You see, I chose the Zen path. Apparently, I’m supposed to be here, like this.
How did I get here? I fell in love. Somehow, I found the Heart Sutra. I fell in love with its chaos and contradictions. I fell in love with all the “no’s,” and especially, no mind. How can mental processes exist and not exist at the same time? How can there be no path and no enlightenment? And how is all of this supposed to set me free? What the heck am I doing this for then?
I now have a teacher. I’m his only student. Apparently, that’s how traditional Zen is taught. He throws some ideas out. I give great answers back. Then the questions start, and all of those great answers are shot down in a flash. I end up back at the beginning, with no idea of what I’m doing, or what he’s saying. He keeps prodding, and I dig myself in deeper with my answers.
I’ve tried everything. I’ve thought long and hard, researching what he and others have said on the topic, and then written answers that clearly show how well prepared I am. An “innocent” question back from him, like, “Who is writing this?,” destroys all the hard work. I’ve even tried answering his questions with the first thing that pops into my head. Again, more confusing questions back from him.
No matter what I say, I end up completely confused.
After several months of this, I’m beginning to understand that it’s not about knowing, or about confusion.
I’m beginning to get a glimpse of what lies beyond the mind, beyond the knowing, beyond our ideas of reality. I’m beginning to understand that I don’t really need to “know” anything. You can’t get there with your thoughts.
So, where are you going? Nowhere. That’s the beauty of it. Everything is already here. Early on in my studies with him, I wrote, “I’m beginning to understand that my miserable, mundane life is what I’ve been searching for all this time.” Yeah, it’s kind of like that!
But there’s something more. It’s like being outside and hearing the faint strains of a favorite song. It’s on the edge of your hearing, but you just can’t quite make it out. It’s the promise of the Heart Sutra. Beyond what you think of yourself. Beyond what you think of this world. Beyond all of your labels and judgments, and your words that freeze reality into “things,” lies Not Knowing. If you don’t know who you are, if you don’t know what you’re doing, if you don’t know what anything else truly is, then you and everything in your awareness will be set free.
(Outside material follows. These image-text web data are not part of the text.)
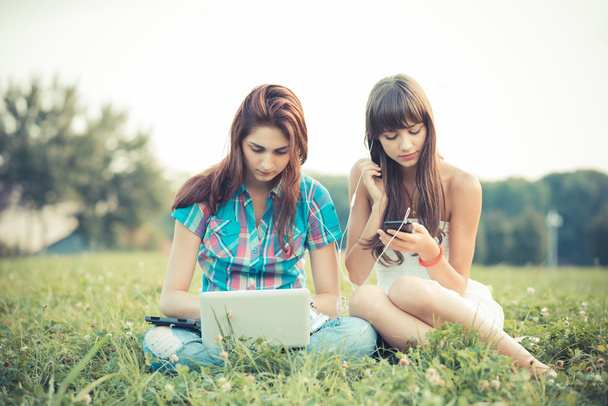 Sisters using tablet and smartphone in the park - Photo, Image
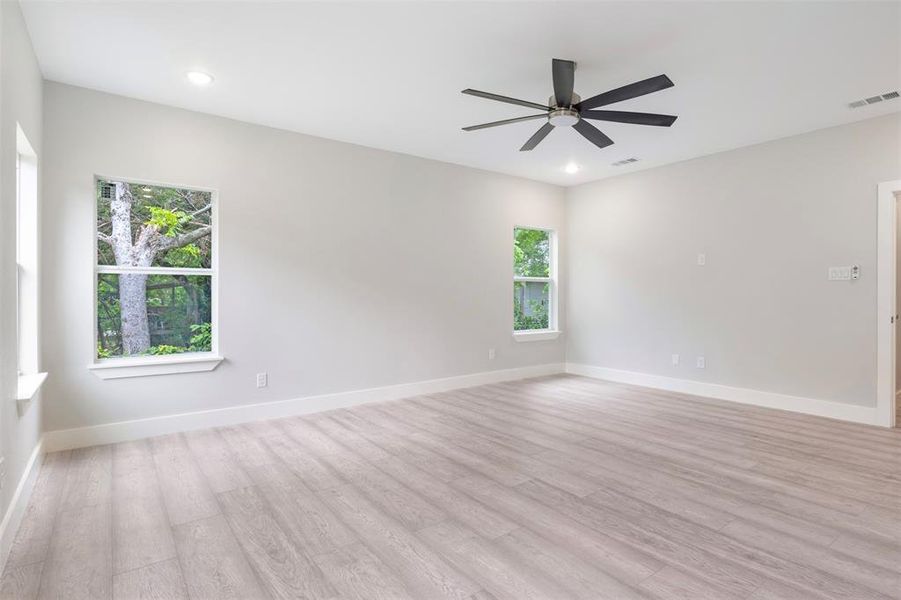 Empty room featuring light wood-type flooring and ceiling fan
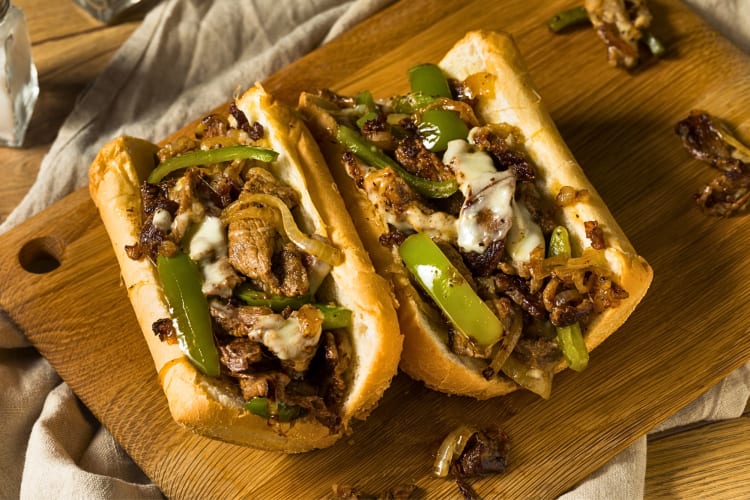 Two halves of a cheese steak sandwich with added green peppers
It comes with a cost (besides the obvious one of feeling really stupid). The cost is that all of the stuff that we want to run from, is right here with us. In other words, nothing changes. But also, everything changes. We go throughout our day, doing what we do, getting caught up in our grasping, our desires, our judgments, our joys and our pains, just like before. But woven into all of this is the Not Knowing, and with Not Knowing comes freedom.
What if we could, to steal from the Beatles, Let it be?
What if we could accept this life with all of its suffering, just as it is, and at the same time tune in to that which is beyond words and concepts? What if we gave a little part of our awareness to being in the moment, being in the experience as it unfolds “without ourselves?” Just letting the moment be free to flow and change without any preconceptions of who we are or what the moment is.
The hard part is that Not Knowing can’t be explained through words. So how do we know it’s even there? Because you and I are here, sharing in the experience of this little article together. We are alive. We are here, together in this moment, without a clue as to what we are doing, and free as a bird.
May you all find your way on this wonderful journey. May you find the path to liberation, and being free as a bird!
Aletha is retired and living in Southern California with her family and a lot of animals. She is amazed at, and so very grateful for, all of the events that have led up to this moment, both good and bad. With deep bows to her teacher for his wisdom, compassion, and patience.